Il faut retenir dans cette recherche d'une esthétique nouvelle, l'expérience malheureusement avortée du collectif "Œil vert". En 1981, en plein FESPACO, les jeunes cinéastes qu'étaient William Mbaye, Cheikh Ngaido Ba, Idrissa Ouédraogo, Fadika Kramo-Lanciné et d'autres du Ghana, du Niger, de l'Île Maurice qui disaient avoir l'âge d'Afrique sur Seine, le premier film signé par un Africain, Paulin Soumanou Vieyra, en 1955, déclaraient leur désir légitime de s'émanciper. Ils se découvraient une sensibilité commune qu'ils ont tôt fait de baptiser "l'œil vert" à cause du regard neuf que posait leur caméra sur le monde, sur les hommes, sur la vie, la mort, avec un souffle plus poétique que politique. Ils refusaient toute schématisation formelle, tout terrorisme et a priori esthétique ou regard réducteur.Certains d'entre eux prenaient exemple sur le japonais Ozu et sa manière de filmer à ras du sol. Les ambitions étaient affichées d'autant qu'au cours de cette septième édition, Djeli de Kramo Lanciné et Poko de Idrissa Ouedraogo avaient remporté les Étalons du long et court-métrage. Le manifeste esthétique de ce collectif n'est jamais sorti de son landerneau.
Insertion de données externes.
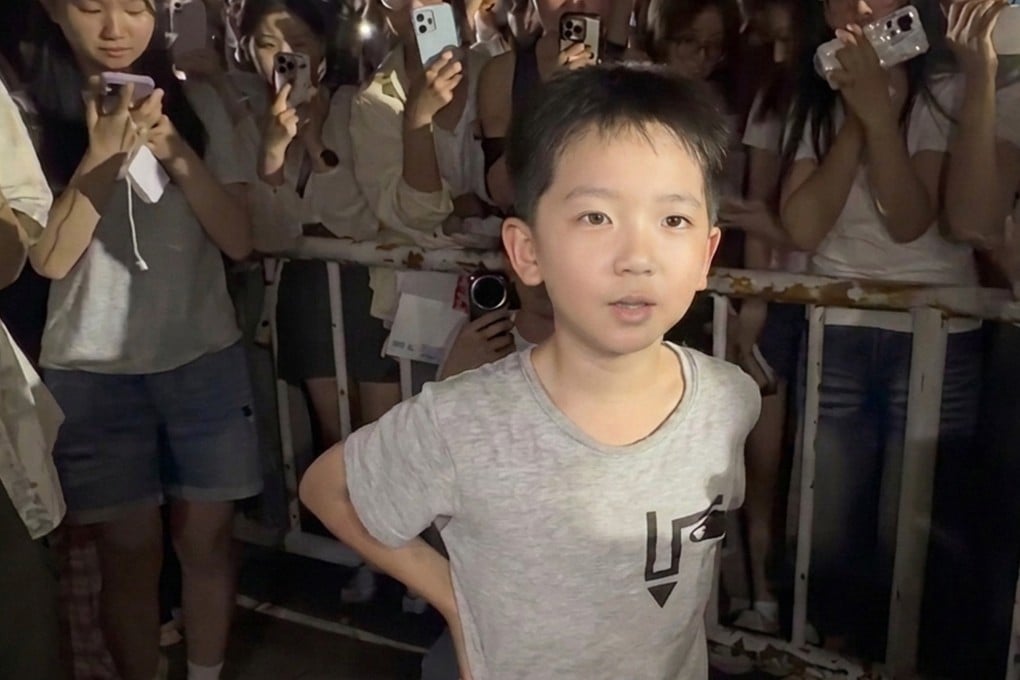 An eight-year-old Chinese boy touched hearts online after stepping up to promote his single mother’s small recycling business during a football match. Photo: Weibo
Mais on peut conclure que, par la suite, chacun de ces jeunes réalisateurs a essayé dans ses films une approche différente de leurs aînés. Maintenant se dessine une autre vague, celle des vidéastes. Une génération "Rap" qui entend bousculer les habitudes de filmer car ayant une autre conception de l'image et une approche différente des sujets à traiter.